FPF: due club inglesi nell’occhio del ciclone
Le regole UEFA del Fair Play Finanziario non risparmiano nessuno ed a breve, secondo quanto riportato da Calcio e Finanza, potrebbero riguardare due club inglesi: Chelsea ed Aston Villa.

Chelsea ed Aston Villa: cosa rischiano
Chelsea e Aston Villa sono finiti sotto la stretta osservazione della UEFA, non solo per possibili violazioni delle regole economico-finanziarie del Fair Play Finanziario, ma anche per alcune operazioni di mercato considerate sospette. Secondo quanto riportato dal quotidiano britannico The Times, l’organismo europeo ha già messo in guardia i due club: ogni futura transazione sarà attentamente monitorata, in particolare quelle che potrebbero nascondere valutazioni gonfiate con l’intento di generare plusvalenze artificiose utili a sistemare i bilanci.

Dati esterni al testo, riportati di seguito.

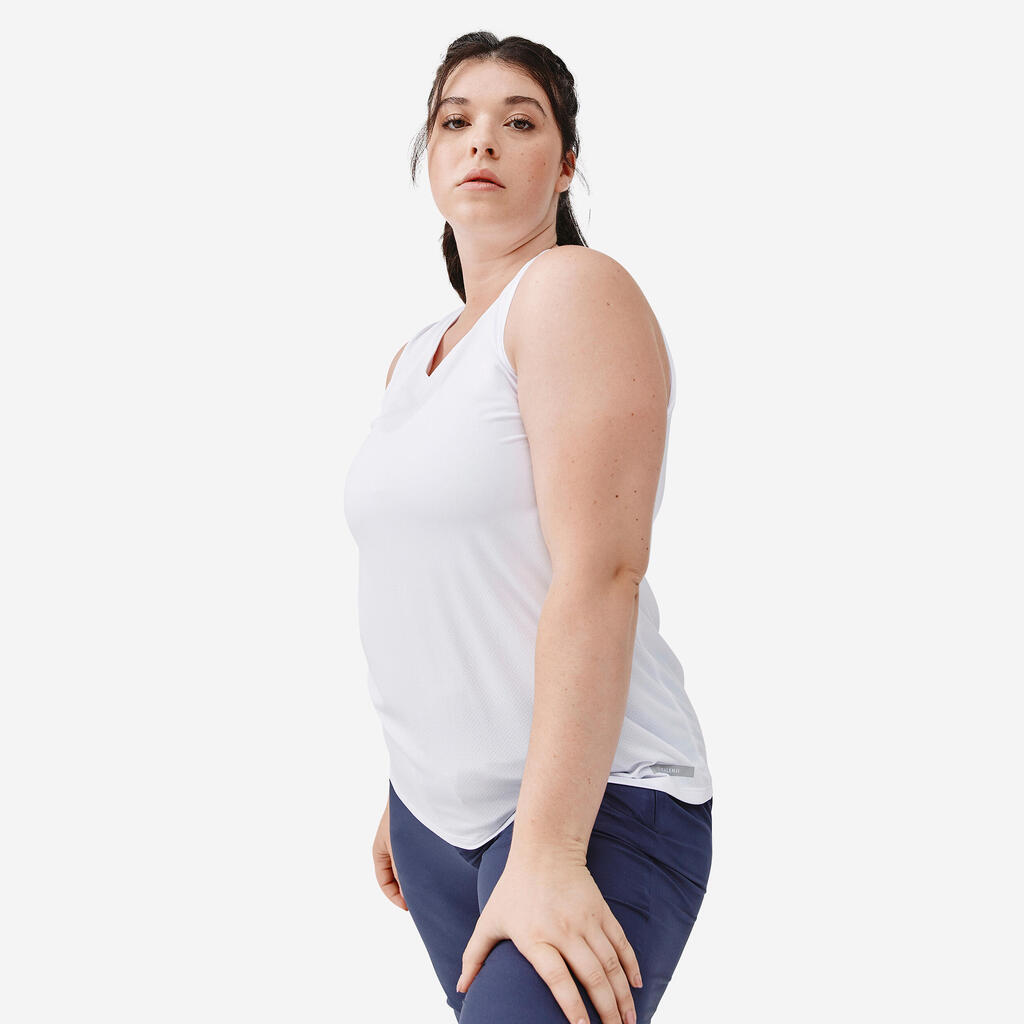 Majica bez rukava za trčanje Run Dry prozračna ženska bijela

Negli ultimi anni, diversi club della Premier League hanno effettuato compravendite di calciatori dai valori elevati, generando sospetti sul fatto che queste operazioni potessero essere finalizzate più a rispettare i parametri economici richiesti dalla UEFA che a motivi sportivi reali. Alcune società hanno apertamente criticato il sistema, accusando certe transazioni di essere utilizzate come strumenti per mascherare i problemi finanziari, gonfiando i ricavi da trasferimenti.

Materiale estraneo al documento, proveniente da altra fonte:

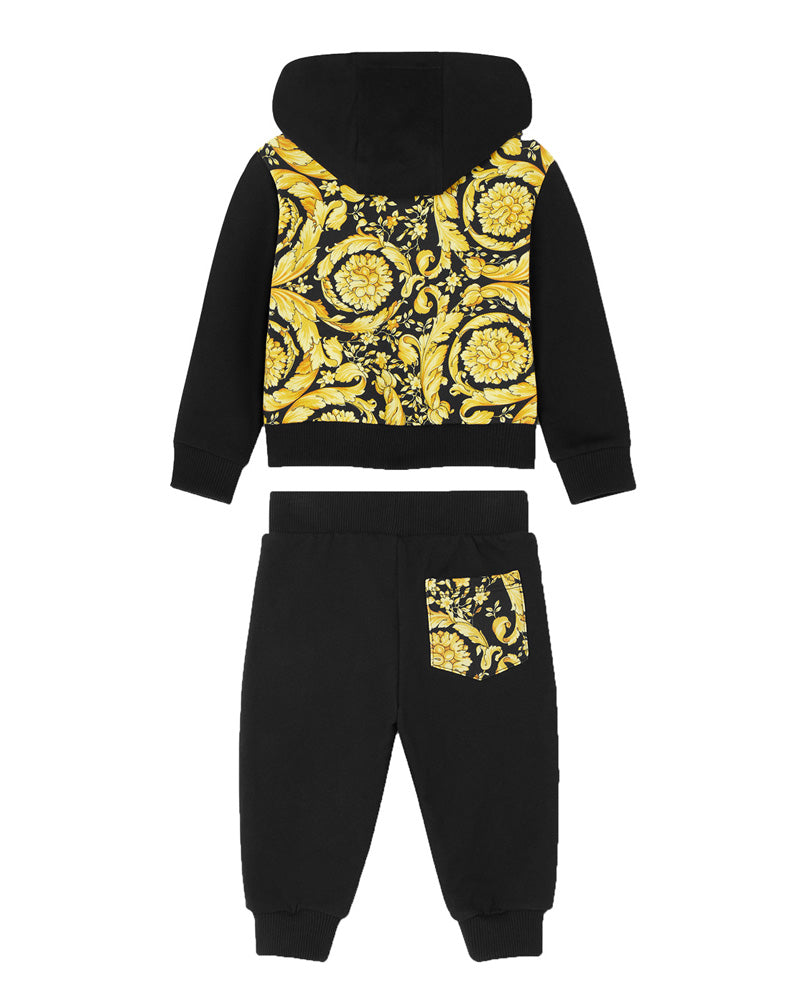 Baby Black/Gold Barocco Tracksuit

All’inizio di luglio, la UEFA è intervenuta direttamente per ridimensionare almeno una delle operazioni tra Chelsea e Aston Villa, segnalando che alcune transazioni richiedevano “adeguamenti specifici nei bilanci”. In particolare, l’operazione che ha portato Omari Kellyman dall’Aston Villa al Chelsea per 19 milioni di sterline (quasi 22 milioni di euro) è finita sotto esame, anche perché il giovane calciatore non ha ancora fatto il suo debutto con i Blues. Dall’altra parte, Ian Maatsen, cresciuto nel settore giovanile del Chelsea, è stato venduto all’Aston Villa per circa 43,3 milioni di euro, dopo una stagione da 29 presenze in Premier League.

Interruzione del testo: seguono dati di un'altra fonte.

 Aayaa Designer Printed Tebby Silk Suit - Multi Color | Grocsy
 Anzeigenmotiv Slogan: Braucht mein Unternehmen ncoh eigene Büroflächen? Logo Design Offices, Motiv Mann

Entrambi i club sono già stati sanzionati: il Chelsea ha ricevuto una multa di 31 milioni di euro, che potrebbe arrivare fino a 91 milioni se non si adeguerà nei prossimi quattro anni. L’Aston Villa, invece, è stato multato per 11 milioni, con la possibilità che la cifra salga a 26 milioni. La UEFA ha chiarito che eventuali violazioni degli accordi appena firmati potrebbero portare all’esclusione dei club dalle competizioni europee per una stagione.
Sia il Chelsea che l’Aston Villa hanno dichiarato di essere consapevoli della situazione e pronti a rispettare gli impegni presi. Tuttavia, la pressione resta alta e ogni mossa di mercato sarà d’ora in poi valutata con particolare attenzione dalle autorità europee.